ACTIVITY: A verbatim reproduction of the lines below, from the line containing "Louis Vuitton Millionaires" through the line containing "Fotos de la pasada edición", both ends included, is the whole required output.
↓
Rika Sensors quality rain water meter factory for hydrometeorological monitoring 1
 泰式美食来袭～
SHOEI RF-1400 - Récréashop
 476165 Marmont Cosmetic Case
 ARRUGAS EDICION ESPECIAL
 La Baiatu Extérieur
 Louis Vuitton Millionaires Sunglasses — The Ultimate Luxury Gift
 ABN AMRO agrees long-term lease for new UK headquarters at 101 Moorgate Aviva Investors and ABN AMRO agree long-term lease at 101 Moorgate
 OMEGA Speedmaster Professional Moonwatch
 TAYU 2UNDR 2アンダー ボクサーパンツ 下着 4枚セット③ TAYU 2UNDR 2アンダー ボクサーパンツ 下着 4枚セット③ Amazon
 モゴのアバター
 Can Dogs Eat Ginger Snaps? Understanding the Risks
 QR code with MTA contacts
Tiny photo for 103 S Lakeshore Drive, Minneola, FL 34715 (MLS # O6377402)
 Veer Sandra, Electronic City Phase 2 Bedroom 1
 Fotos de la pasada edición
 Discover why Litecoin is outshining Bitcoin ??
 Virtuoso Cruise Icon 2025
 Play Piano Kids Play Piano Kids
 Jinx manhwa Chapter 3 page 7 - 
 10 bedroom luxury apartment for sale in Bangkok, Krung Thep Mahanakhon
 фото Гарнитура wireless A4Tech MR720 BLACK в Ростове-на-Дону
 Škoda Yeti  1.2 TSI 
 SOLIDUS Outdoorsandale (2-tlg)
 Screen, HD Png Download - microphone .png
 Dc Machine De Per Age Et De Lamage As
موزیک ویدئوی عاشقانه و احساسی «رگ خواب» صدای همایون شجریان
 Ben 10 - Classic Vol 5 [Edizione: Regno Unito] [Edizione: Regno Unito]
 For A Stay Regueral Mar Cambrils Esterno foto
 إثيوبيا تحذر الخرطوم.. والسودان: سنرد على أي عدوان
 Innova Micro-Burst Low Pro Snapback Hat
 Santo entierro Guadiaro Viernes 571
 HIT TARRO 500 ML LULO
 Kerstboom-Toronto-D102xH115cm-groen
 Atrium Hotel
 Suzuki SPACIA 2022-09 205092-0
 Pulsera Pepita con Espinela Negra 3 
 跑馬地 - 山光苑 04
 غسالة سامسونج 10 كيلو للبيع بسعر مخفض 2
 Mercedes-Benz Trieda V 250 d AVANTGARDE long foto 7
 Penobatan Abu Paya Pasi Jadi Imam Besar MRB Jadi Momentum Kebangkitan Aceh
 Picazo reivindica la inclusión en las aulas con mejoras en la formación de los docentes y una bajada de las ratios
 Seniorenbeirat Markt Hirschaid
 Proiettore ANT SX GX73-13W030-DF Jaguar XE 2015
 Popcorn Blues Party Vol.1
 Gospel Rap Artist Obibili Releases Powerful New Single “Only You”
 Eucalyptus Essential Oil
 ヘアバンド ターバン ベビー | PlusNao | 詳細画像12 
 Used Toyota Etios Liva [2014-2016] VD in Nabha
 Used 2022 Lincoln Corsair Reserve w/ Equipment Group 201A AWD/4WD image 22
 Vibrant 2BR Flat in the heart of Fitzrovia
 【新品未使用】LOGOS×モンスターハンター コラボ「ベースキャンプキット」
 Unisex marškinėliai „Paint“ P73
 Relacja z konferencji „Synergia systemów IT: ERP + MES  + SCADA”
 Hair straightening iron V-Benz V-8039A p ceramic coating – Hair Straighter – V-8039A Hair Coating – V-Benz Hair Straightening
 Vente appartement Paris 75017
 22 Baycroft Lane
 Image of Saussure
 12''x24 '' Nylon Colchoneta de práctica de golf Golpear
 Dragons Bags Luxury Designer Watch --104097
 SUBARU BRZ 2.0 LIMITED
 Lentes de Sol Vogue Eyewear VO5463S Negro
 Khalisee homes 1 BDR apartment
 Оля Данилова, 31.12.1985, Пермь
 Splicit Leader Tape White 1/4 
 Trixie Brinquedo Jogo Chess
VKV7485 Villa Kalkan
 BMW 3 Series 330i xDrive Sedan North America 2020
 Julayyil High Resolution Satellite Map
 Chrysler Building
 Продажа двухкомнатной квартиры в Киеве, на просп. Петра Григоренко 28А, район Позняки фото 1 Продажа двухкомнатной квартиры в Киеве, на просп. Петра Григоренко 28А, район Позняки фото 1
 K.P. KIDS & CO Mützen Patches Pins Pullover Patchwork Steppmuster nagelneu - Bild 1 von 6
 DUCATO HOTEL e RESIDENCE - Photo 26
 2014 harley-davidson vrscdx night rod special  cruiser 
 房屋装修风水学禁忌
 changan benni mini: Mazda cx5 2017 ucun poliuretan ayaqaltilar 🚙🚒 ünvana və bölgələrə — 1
↑
YOUR SOLUTION:
 Louis Vuitton Millionaires Sunglasses — The Ultimate Luxury Gift
 ABN AMRO agrees long-term lease for new UK headquarters at 101 Moorgate Aviva Investors and ABN AMRO agree long-term lease at 101 Moorgate
 OMEGA Speedmaster Professional Moonwatch
 TAYU 2UNDR 2アンダー ボクサーパンツ 下着 4枚セット③ TAYU 2UNDR 2アンダー ボクサーパンツ 下着 4枚セット③ Amazon
 モゴのアバター
 Can Dogs Eat Ginger Snaps? Understanding the Risks
 QR code with MTA contacts
Tiny photo for 103 S Lakeshore Drive, Minneola, FL 34715 (MLS # O6377402)
 Veer Sandra, Electronic City Phase 2 Bedroom 1
 Fotos de la pasada edición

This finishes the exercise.